> WORK REQUIRED: Exact copy without images: repeat every entry as written.
##############################
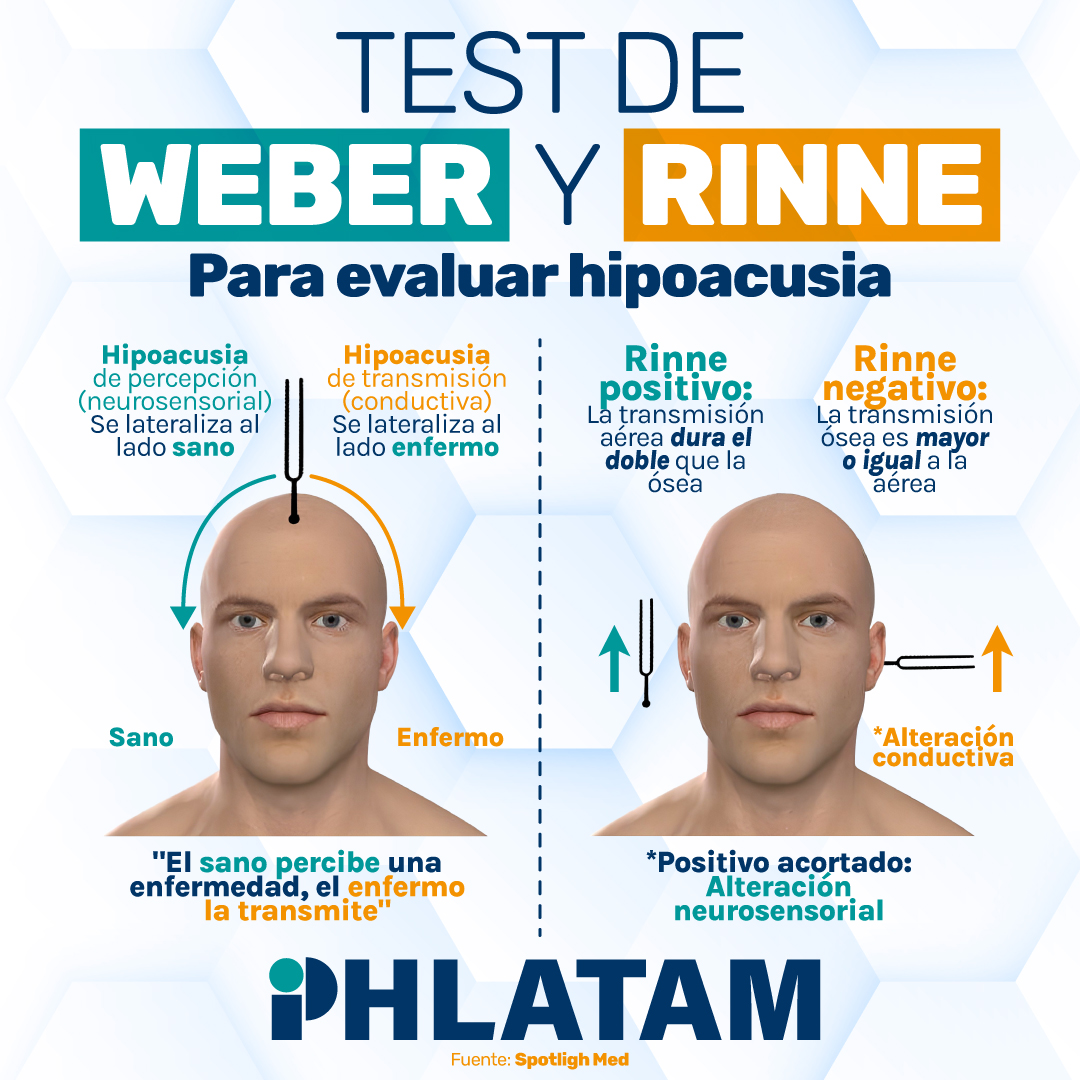 Public - #Otorrinolaringología 👂🏻 La prueba de Rinne compara la ...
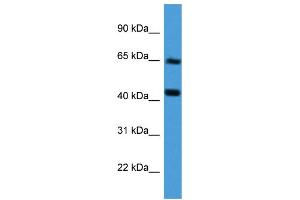 Western Blotting (WB) image for anti-Collagen, Type VIII, alpha 2 (COL8A2) (Middle Region) antibody (ABIN2788308) (COL8a2 抗体  (Middle Region))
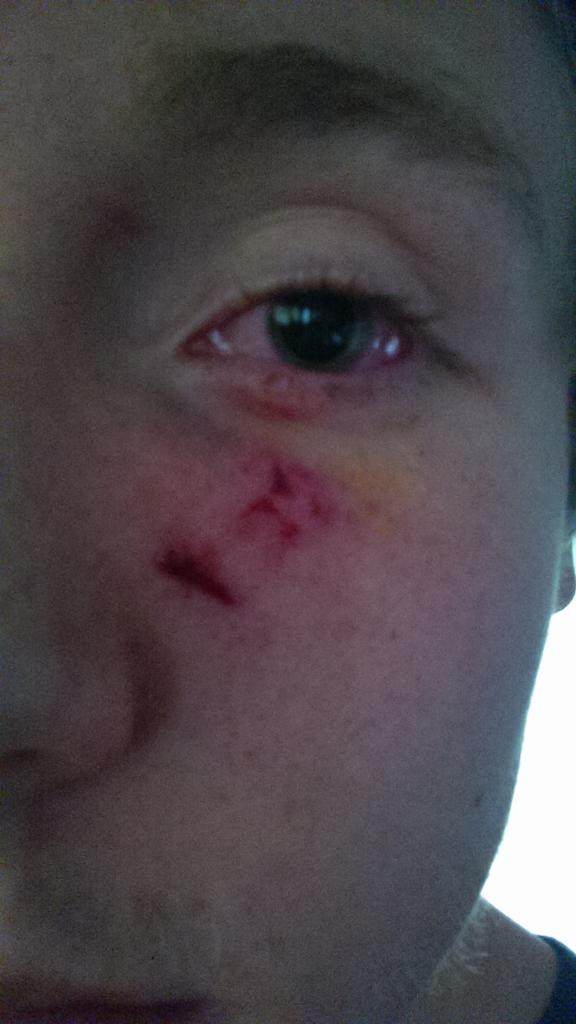 AbeRitchey's tweet photo. This is what happens when you do meth!!! http://t.co/J4I14GguPc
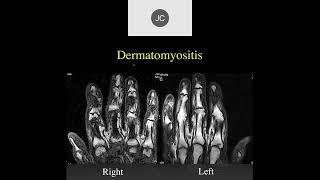 MRI of the Wrist Part 15  Wrist Inflammation [upl. by Annasus560]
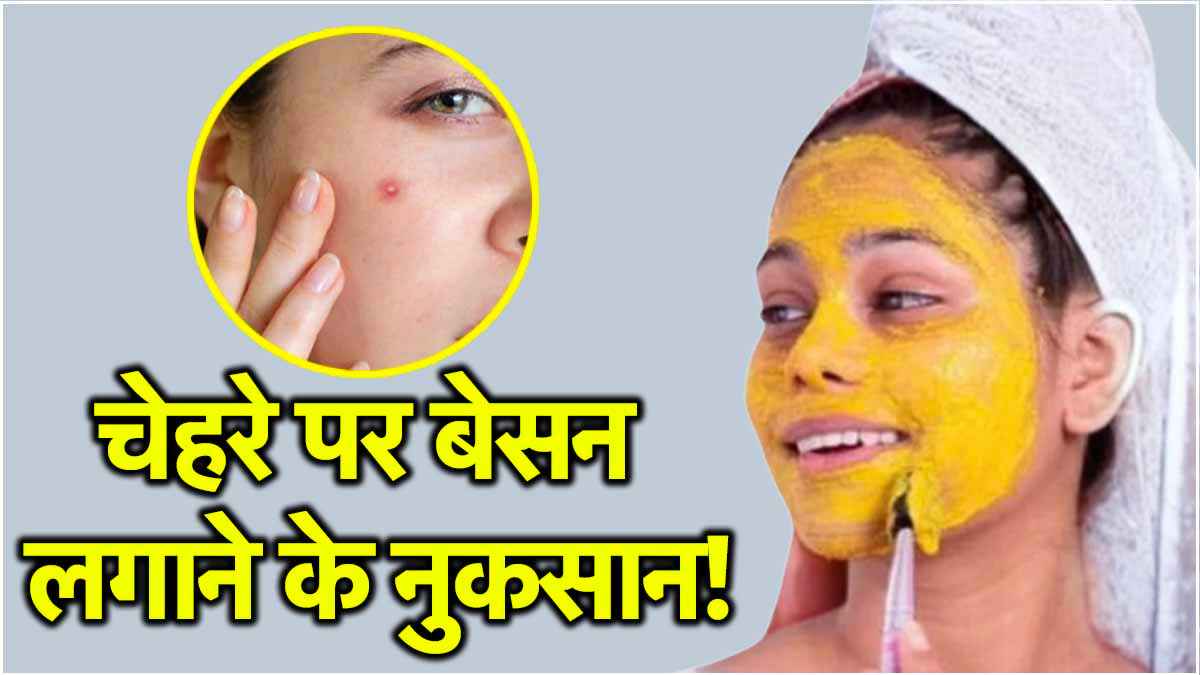 चेहरे पर बेसन लगाने के 4 साइड इफेक्ट, कहीं ग्लोइंग स्किन पर पिंपल्स न हो जाएं
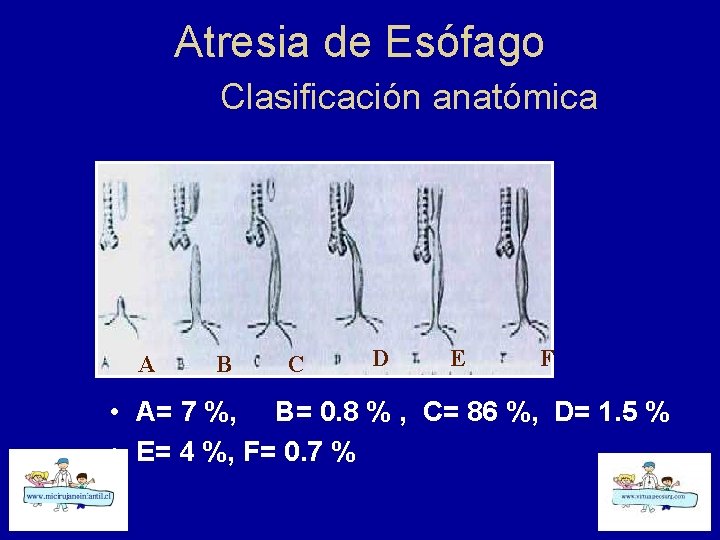 Atresia de Esófago Clasificación anatómica A B C D E F • A= 7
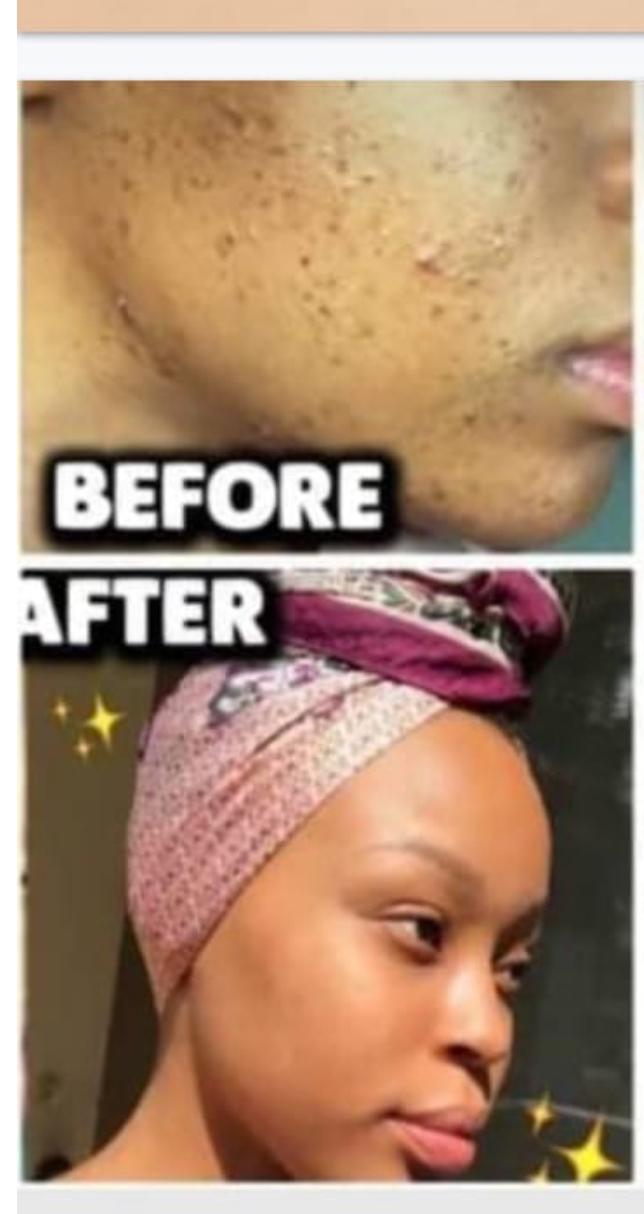 Acne Scar Removal Cream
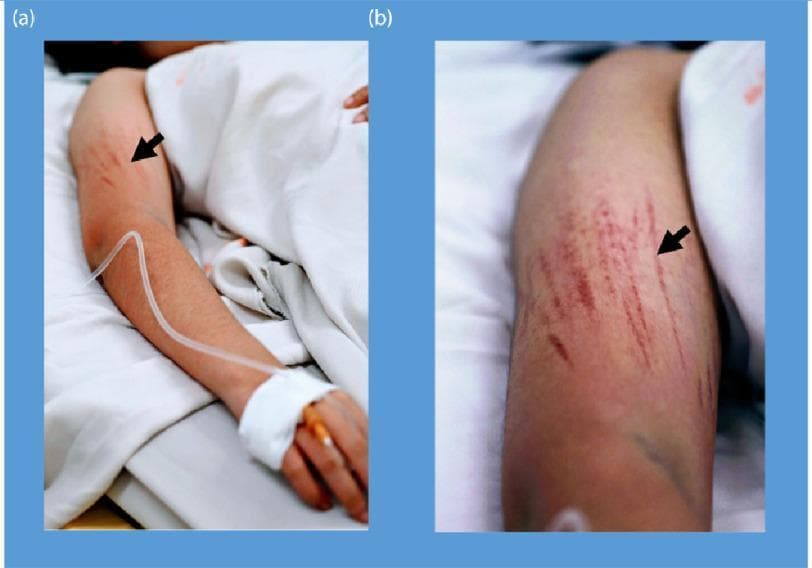 Clinical photograph of a patient's arm demonstrating bleeding manifestations characteristic of Dengue Shock Syndrome (DSS). The image is divided into two panels: (a) shows the full arm in a clinical setting with an intravenous (IV) line secured to the hand, and (b) provides a close-up view of the upper arm. Both panels highlight linear petechiae (indicated by black arrows), which are small, red to purplish hemorrhagic spots arranged in distinct linear patterns. These lesions represent microvascular fragility and are shown following the inflation of a blood pressure cuff (Hess test or capillary fragility test), a common diagnostic maneuver for assessing vascular permeability in dengue fever. The presence of an IV line and hospital bedding contextualizes the severity of the illness, illustrating the systemic plasma leakage and hemostatic dysfunction associated with severe viral hemorrhagic fevers. Key educational concepts include endothelial dysfunction, capillary fragility, and clinical signs of thrombocytopenia or vasculopathy.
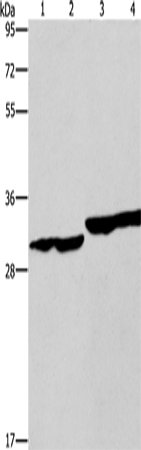 Anti-Human/Mouse/Rat DECR1 Antibody - ABMIUM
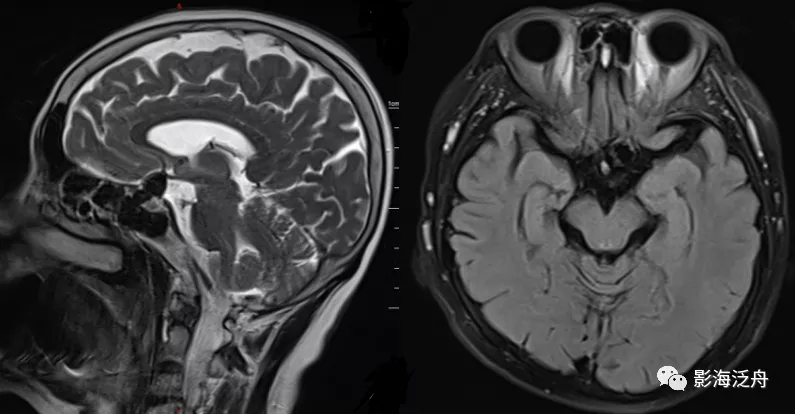 诊断|颅脑MR平扫中极易漏诊的点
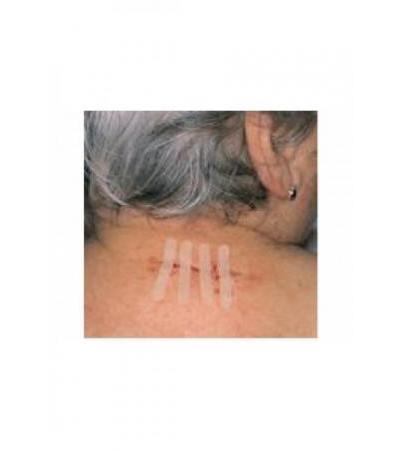 OMNISTRIP Wundnahtstreifen 12x101mm 300 Stk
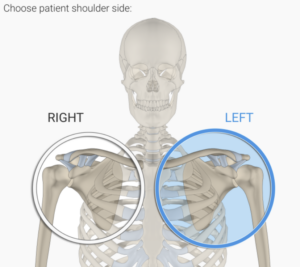 Exactech AI One Active Intelligence Surgeon and Rep Portal CT Scan with Left side selected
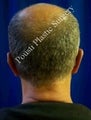 Ear Surgery (Otoplasty)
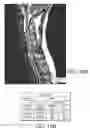 Fig. 09 - High density epidural stimulation for facilitation of locomotion, posture, voluntary movement, and recovery of autonomic, sexual, vasomotor, and cognitive function after neurological injury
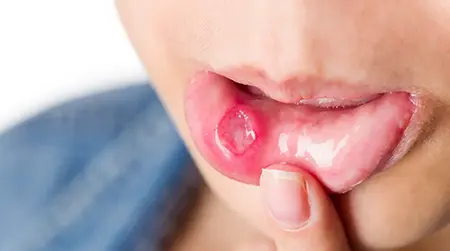 Refractory Ulcer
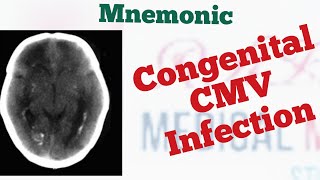 Congenital CytomegalovirusCMV triad Mnemonic [upl. by Rebane]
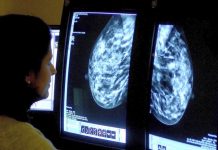 Less Fat, More Fruit May Cut Risk of Dying of Breast Cancer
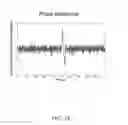 Fig. 27 - ULTRASONIC SIGNAL PROCESSING FOR BONE SONOGRAPHY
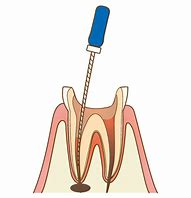 歯科　　根治　　難  イラスト に対する画像結果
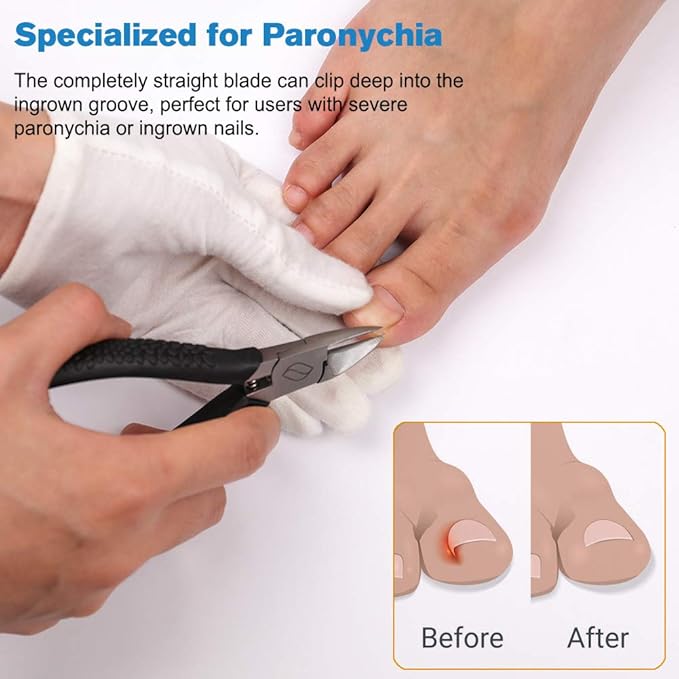 FERYES Straight Blade Toenail Clippers with Toenail Lifter and Fork - Toe Nail Clipper for Thick Toenails - 2 in 1 Ingrown Toenail Tools Kit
##############################
> RESPONSE AREA:
 Public - #Otorrinolaringología 👂🏻 La prueba de Rinne compara la ...
 Western Blotting (WB) image for anti-Collagen, Type VIII, alpha 2 (COL8A2) (Middle Region) antibody (ABIN2788308) (COL8a2 抗体  (Middle Region))
 AbeRitchey's tweet photo. This is what happens when you do meth!!! http://t.co/J4I14GguPc
 MRI of the Wrist Part 15  Wrist Inflammation [upl. by Annasus560]
 चेहरे पर बेसन लगाने के 4 साइड इफेक्ट, कहीं ग्लोइंग स्किन पर पिंपल्स न हो जाएं
 Atresia de Esófago Clasificación anatómica A B C D E F • A= 7
 Acne Scar Removal Cream
 Clinical photograph of a patient's arm demonstrating bleeding manifestations characteristic of Dengue Shock Syndrome (DSS). The image is divided into two panels: (a) shows the full arm in a clinical setting with an intravenous (IV) line secured to the hand, and (b) provides a close-up view of the upper arm. Both panels highlight linear petechiae (indicated by black arrows), which are small, red to purplish hemorrhagic spots arranged in distinct linear patterns. These lesions represent microvascular fragility and are shown following the inflation of a blood pressure cuff (Hess test or capillary fragility test), a common diagnostic maneuver for assessing vascular permeability in dengue fever. The presence of an IV line and hospital bedding contextualizes the severity of the illness, illustrating the systemic plasma leakage and hemostatic dysfunction associated with severe viral hemorrhagic fevers. Key educational concepts include endothelial dysfunction, capillary fragility, and clinical signs of thrombocytopenia or vasculopathy.
 Anti-Human/Mouse/Rat DECR1 Antibody - ABMIUM
 诊断|颅脑MR平扫中极易漏诊的点
 OMNISTRIP Wundnahtstreifen 12x101mm 300 Stk
 Exactech AI One Active Intelligence Surgeon and Rep Portal CT Scan with Left side selected
 Ear Surgery (Otoplasty)
 Fig. 09 - High density epidural stimulation for facilitation of locomotion, posture, voluntary movement, and recovery of autonomic, sexual, vasomotor, and cognitive function after neurological injury
 Refractory Ulcer
 Congenital CytomegalovirusCMV triad Mnemonic [upl. by Rebane]
 Less Fat, More Fruit May Cut Risk of Dying of Breast Cancer
 Fig. 27 - ULTRASONIC SIGNAL PROCESSING FOR BONE SONOGRAPHY
 歯科　　根治　　難  イラスト に対する画像結果
 FERYES Straight Blade Toenail Clippers with Toenail Lifter and Fork - Toe Nail Clipper for Thick Toenails - 2 in 1 Ingrown Toenail Tools Kit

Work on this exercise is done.